A residência é “conjugada” com a da avó, uma idosa acamada cuidada pela mãe de Taynara. Na comunidade, os moradores de hábitos simples vivem basicamente da agricultura ou da prestação de serviços na sede do município.
No Ensino Médio, como a localidade não tem escola dessa etapa, Taynara foi cursar na sede, na Escola Miguel Saraiva, que fica a cerca de 5km da comunidade e para isso precisava pegar o transporte escolar.
Legenda: A familia de Taynara é da zona rural de Granjeiro
Foto: Davi Rocha
A vontade de atuar na área da saúde, recorda ela, surgiu ainda na infância. “Desde que eu era criancinha, eu sempre disse que queria ser médica. Eu fui crescendo e esse desejo aumentou. Passou de um sonho para um objetivo. No fundamental 1 eu tinha o maior foco.

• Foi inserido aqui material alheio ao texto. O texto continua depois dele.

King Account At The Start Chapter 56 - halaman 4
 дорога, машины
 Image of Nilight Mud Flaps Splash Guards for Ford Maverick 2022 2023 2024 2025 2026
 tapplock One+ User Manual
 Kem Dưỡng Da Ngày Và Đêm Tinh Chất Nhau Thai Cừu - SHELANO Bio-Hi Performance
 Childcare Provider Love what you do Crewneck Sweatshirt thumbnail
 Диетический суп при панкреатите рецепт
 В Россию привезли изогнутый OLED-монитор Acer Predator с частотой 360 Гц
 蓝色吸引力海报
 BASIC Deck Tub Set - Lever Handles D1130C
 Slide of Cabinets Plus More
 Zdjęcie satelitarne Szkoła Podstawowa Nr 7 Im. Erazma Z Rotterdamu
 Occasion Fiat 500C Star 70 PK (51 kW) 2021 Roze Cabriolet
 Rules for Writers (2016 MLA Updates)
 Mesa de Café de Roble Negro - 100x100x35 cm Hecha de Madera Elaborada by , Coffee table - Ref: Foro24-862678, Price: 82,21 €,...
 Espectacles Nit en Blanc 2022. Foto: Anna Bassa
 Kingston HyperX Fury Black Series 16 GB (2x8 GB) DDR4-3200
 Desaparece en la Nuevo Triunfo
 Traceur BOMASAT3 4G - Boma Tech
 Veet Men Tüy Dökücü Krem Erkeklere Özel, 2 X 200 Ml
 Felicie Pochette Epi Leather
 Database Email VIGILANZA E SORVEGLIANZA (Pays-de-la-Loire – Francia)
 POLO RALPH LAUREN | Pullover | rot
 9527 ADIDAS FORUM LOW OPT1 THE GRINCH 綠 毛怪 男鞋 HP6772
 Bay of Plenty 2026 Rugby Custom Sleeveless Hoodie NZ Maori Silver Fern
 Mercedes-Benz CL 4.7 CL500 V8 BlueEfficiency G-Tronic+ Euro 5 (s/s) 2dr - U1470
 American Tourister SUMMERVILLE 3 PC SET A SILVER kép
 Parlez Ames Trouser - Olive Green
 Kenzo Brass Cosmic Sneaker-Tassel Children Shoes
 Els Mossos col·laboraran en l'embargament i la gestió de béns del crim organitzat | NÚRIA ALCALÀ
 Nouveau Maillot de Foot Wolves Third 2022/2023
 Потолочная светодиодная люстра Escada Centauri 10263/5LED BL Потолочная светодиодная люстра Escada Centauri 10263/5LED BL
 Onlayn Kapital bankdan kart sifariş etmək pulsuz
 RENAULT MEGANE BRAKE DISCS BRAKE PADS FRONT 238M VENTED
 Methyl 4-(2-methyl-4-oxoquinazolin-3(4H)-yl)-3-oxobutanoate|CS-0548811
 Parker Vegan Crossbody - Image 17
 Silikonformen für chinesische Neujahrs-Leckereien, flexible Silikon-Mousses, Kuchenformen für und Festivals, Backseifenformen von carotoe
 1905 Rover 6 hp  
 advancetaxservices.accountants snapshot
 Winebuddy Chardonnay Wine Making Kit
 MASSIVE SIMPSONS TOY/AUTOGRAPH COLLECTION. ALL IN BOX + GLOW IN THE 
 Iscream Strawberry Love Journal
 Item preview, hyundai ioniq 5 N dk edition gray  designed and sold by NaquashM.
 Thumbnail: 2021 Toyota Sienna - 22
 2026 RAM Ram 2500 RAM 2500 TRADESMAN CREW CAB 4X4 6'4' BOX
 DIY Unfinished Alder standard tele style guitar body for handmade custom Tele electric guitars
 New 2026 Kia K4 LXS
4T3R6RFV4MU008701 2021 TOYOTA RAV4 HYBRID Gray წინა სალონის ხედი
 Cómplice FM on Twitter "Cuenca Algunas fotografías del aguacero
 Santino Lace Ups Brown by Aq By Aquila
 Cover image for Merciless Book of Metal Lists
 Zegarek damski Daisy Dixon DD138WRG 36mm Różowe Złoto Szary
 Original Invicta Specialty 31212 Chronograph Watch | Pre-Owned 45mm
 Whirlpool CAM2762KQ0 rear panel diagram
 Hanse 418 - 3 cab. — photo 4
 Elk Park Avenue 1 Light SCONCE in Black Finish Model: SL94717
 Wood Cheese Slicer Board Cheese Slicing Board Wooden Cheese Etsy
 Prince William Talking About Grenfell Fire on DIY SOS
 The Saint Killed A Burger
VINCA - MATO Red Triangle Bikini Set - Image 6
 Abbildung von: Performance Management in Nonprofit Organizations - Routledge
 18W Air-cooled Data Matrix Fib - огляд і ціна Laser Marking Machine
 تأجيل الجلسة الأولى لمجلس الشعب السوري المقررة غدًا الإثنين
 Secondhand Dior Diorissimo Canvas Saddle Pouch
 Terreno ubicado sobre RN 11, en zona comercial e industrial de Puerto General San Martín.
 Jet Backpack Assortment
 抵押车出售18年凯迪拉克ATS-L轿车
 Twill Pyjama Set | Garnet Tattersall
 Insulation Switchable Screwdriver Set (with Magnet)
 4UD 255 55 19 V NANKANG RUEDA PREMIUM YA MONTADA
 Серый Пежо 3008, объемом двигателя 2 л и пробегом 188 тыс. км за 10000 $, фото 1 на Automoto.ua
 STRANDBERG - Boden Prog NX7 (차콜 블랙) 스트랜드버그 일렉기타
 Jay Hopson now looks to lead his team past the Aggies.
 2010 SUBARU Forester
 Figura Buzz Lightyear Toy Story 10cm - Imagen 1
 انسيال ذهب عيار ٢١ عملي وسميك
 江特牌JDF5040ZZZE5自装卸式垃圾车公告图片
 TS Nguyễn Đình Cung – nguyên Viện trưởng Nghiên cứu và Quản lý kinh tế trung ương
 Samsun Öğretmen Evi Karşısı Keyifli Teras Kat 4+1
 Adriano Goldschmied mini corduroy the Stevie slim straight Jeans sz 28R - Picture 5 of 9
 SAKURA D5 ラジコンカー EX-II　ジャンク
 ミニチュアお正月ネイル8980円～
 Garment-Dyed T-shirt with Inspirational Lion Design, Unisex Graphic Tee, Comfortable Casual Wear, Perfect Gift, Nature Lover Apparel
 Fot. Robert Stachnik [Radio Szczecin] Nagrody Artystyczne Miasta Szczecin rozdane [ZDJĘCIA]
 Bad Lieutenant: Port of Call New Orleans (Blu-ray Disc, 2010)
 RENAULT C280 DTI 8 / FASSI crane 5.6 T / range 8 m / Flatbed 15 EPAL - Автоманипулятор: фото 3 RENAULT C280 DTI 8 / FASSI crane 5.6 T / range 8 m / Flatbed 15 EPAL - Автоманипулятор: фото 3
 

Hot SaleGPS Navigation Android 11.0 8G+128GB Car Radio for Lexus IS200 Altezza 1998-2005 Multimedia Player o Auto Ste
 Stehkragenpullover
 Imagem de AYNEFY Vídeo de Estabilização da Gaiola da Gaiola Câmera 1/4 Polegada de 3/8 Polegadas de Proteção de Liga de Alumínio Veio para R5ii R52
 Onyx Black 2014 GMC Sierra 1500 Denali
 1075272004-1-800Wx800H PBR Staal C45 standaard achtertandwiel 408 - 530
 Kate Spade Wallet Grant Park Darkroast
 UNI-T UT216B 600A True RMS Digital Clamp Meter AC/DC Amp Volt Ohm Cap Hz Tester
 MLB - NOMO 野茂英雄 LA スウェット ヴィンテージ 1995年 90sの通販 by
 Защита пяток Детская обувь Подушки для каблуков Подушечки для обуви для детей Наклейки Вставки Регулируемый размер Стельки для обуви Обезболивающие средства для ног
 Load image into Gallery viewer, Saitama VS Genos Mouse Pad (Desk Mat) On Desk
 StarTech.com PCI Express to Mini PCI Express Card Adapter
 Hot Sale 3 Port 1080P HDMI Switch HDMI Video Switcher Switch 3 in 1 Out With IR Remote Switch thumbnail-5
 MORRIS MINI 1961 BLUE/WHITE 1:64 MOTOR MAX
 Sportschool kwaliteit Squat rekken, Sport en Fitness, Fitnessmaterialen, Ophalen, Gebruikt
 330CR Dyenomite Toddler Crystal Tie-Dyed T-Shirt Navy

Eu dizia aos professores e eles me ajudavam. Sempre fui muito focada nos estudos”, relembra.
A universitária acrescenta que “sempre fui gordinha e minha mãe me levava pra fazer tratamento em Barbalha. Aí eu via os médicos e fui criando aquela admiração”. Outra inspiração é o padrinho que se formou em Enfermagem e agora irá cursar, junto com ela, Medicina.
Taynara faz um tratamento hormonal desde a infância e há cinco anos esperava para fazer uma cirurgia bariátrica. A definição sobre a realização do procedimento pelo Sistema Único de Saúde (SUS) veio no primeiro semestre do ano, sendo definido o mês de junho como período da cirurgia a ser feita no Hospital Geral César Cals, em Fortaleza. Ou seja, um pouco antes de se mudar para começar a cursar a nova graduação.
Sobre o próprio percurso, Taynara recorda que ela pertence à geração que teve que cursar parte considerável do ensino médio em plena pandemia de Covid. Sem poder ir à escola, o jeito era acompanhar as aulas no sítio e, “quando chovia, faltava internet”, completa.
Ela também relembra que sempre quis fazer Medicina, mas “os cursinhos eram caros”, por isso, o foco tinha que ser total na formação escolar. Nessa etapa de ensino, ela fez prova do Enem no 1º, 2º e 3º ano.